» WHAT IS NEEDED
Take the line that contains "福连升休闲鞋男鞋冬季加绒保暖英伦马丁靴软底舒适皮面男靴" and each one after it through the last line below, and retype them exactly. Leave out the pictures.
___ DATA FOR REVIEW
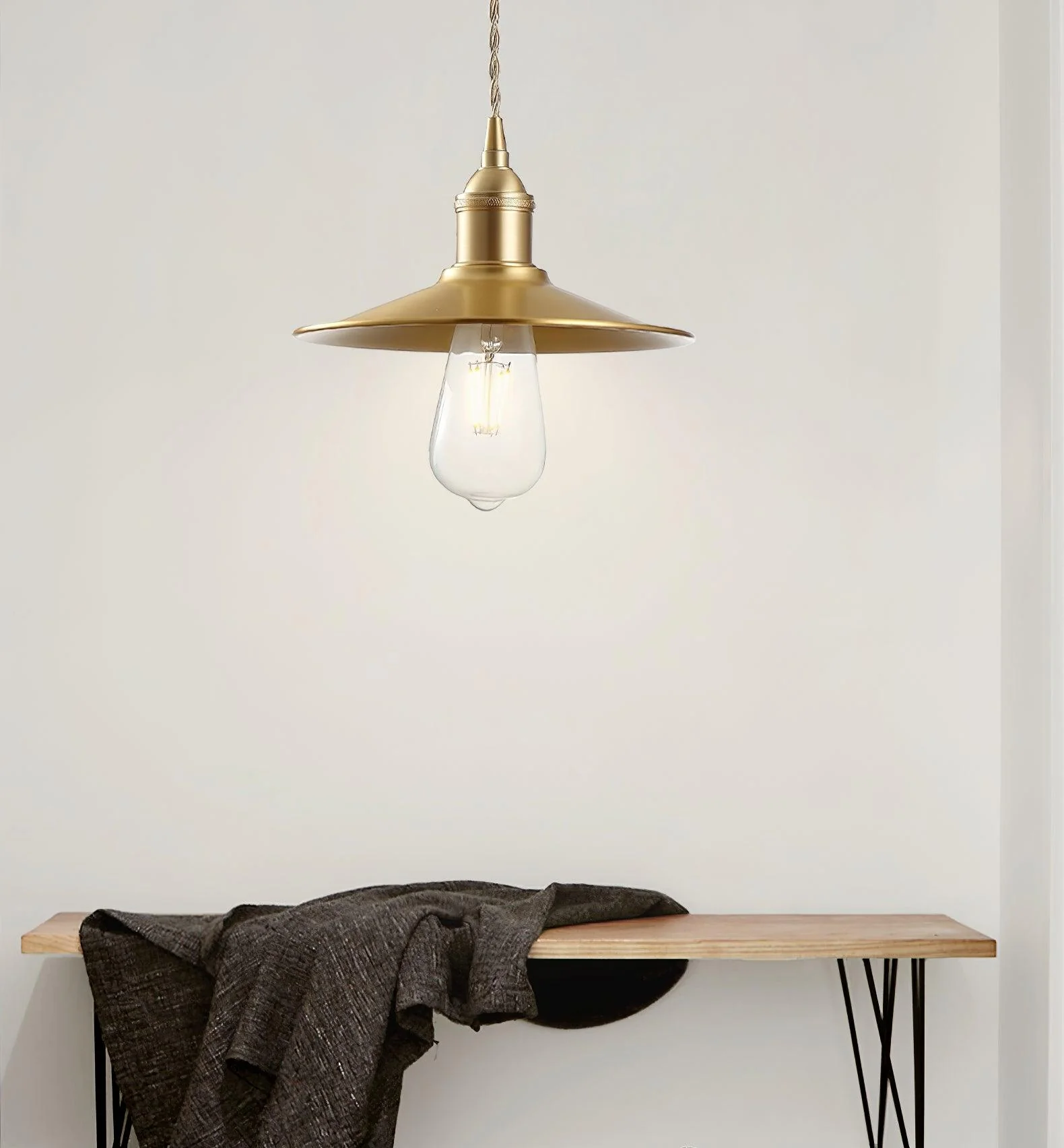 Подвесной светильник Sleek Flat - ∅24см х 11см, латунь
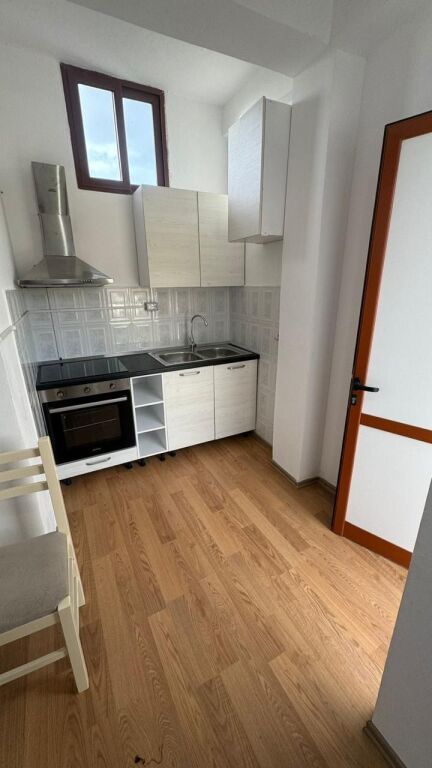 Jepet me qira shtëpi private dy-katëshe, e ndodhur rreth 500 metra vijë ajrore nga Lungomare.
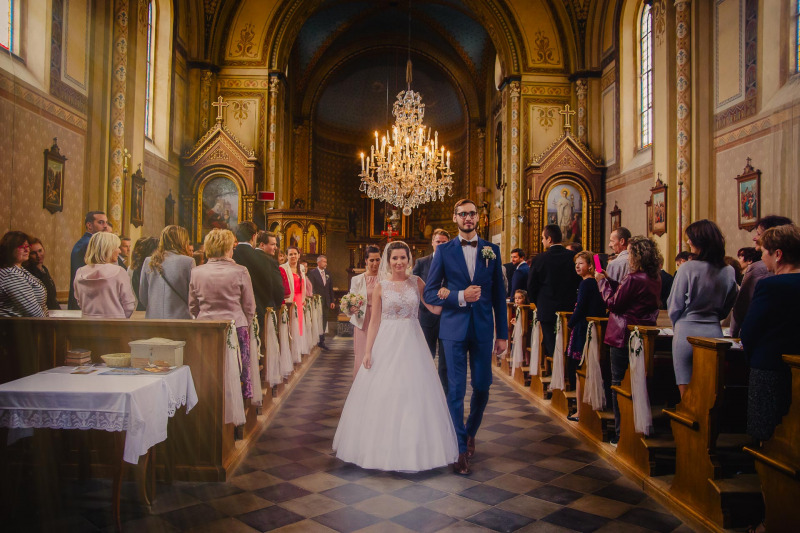 svatební fotograf Praha,svatba střední čechy, církevní obřad, svatba v kostele, nejhezčí svatební fotografie-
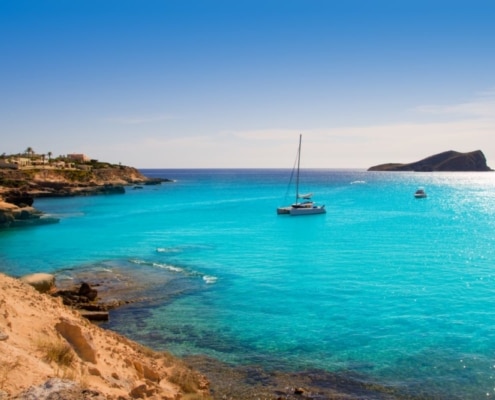 Mejores calas de Ibiza para visitar en velero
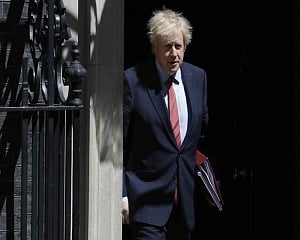 UK watchdog clears Johnson of criminal wrongdoing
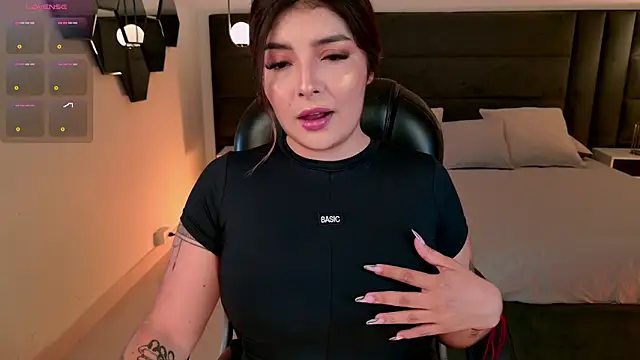 Snapshot of LisaMonroe_ chatting on April 2026 07:44:02 PM LisaMonroe online show from April 2026 07:44:02 PM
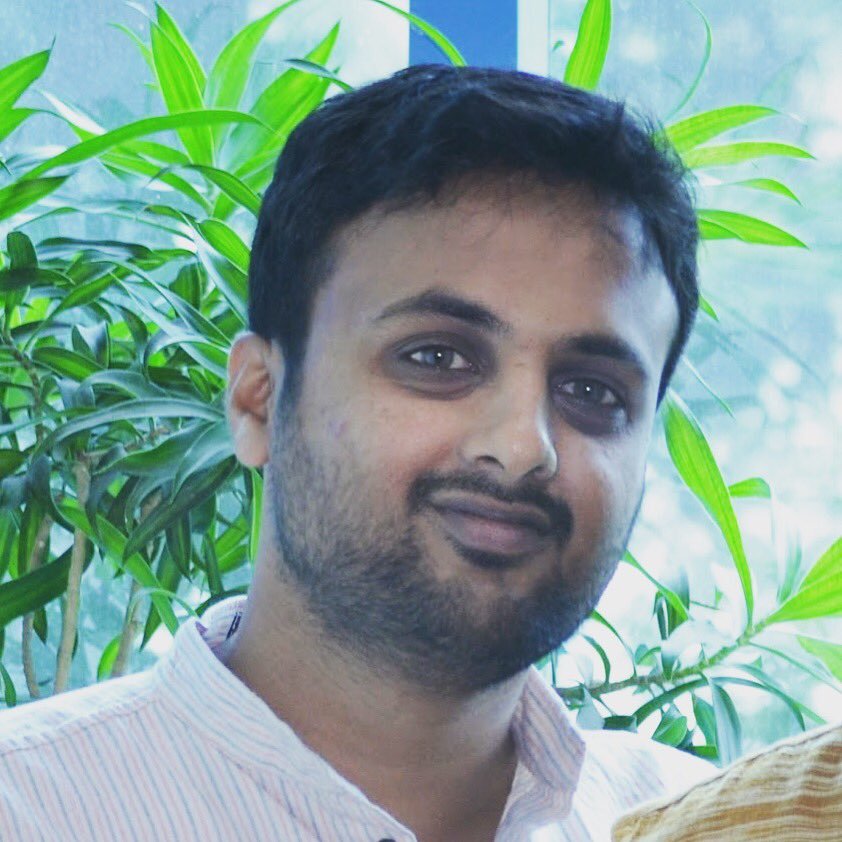 ಕನ್ನಡಿಗ | IT professional | Cyclist | Federalist | Interested in ಕನ್ನಡ literature, cinema and dram | RCB Supporter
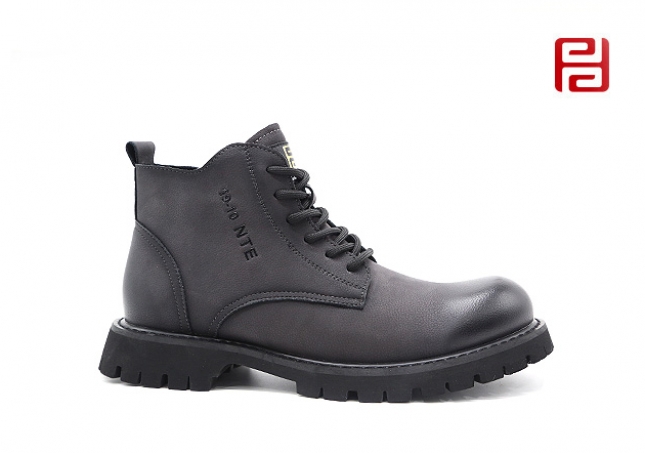 福连升休闲鞋男鞋冬季加绒保暖英伦马丁靴软底舒适皮面男靴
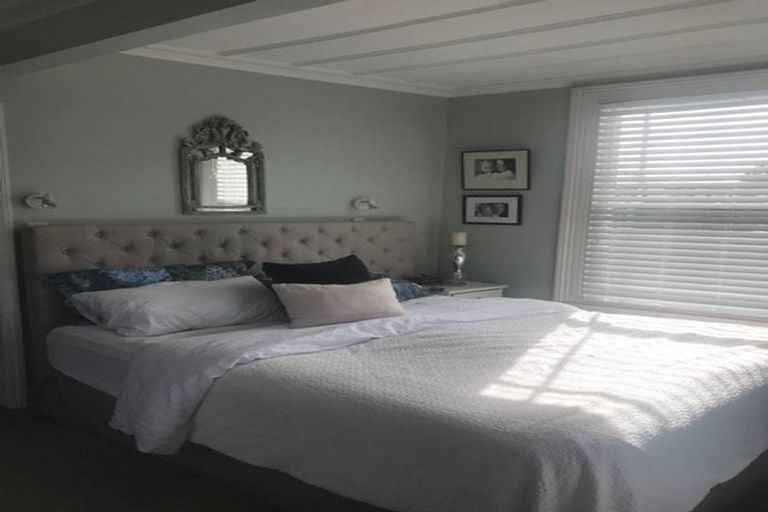 Photo of property in 959 Beach Road, Torbay, Auckland, 0630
______
» RESPONSE TO THIS TASK
 福连升休闲鞋男鞋冬季加绒保暖英伦马丁靴软底舒适皮面男靴
 Photo of property in 959 Beach Road, Torbay, Auckland, 0630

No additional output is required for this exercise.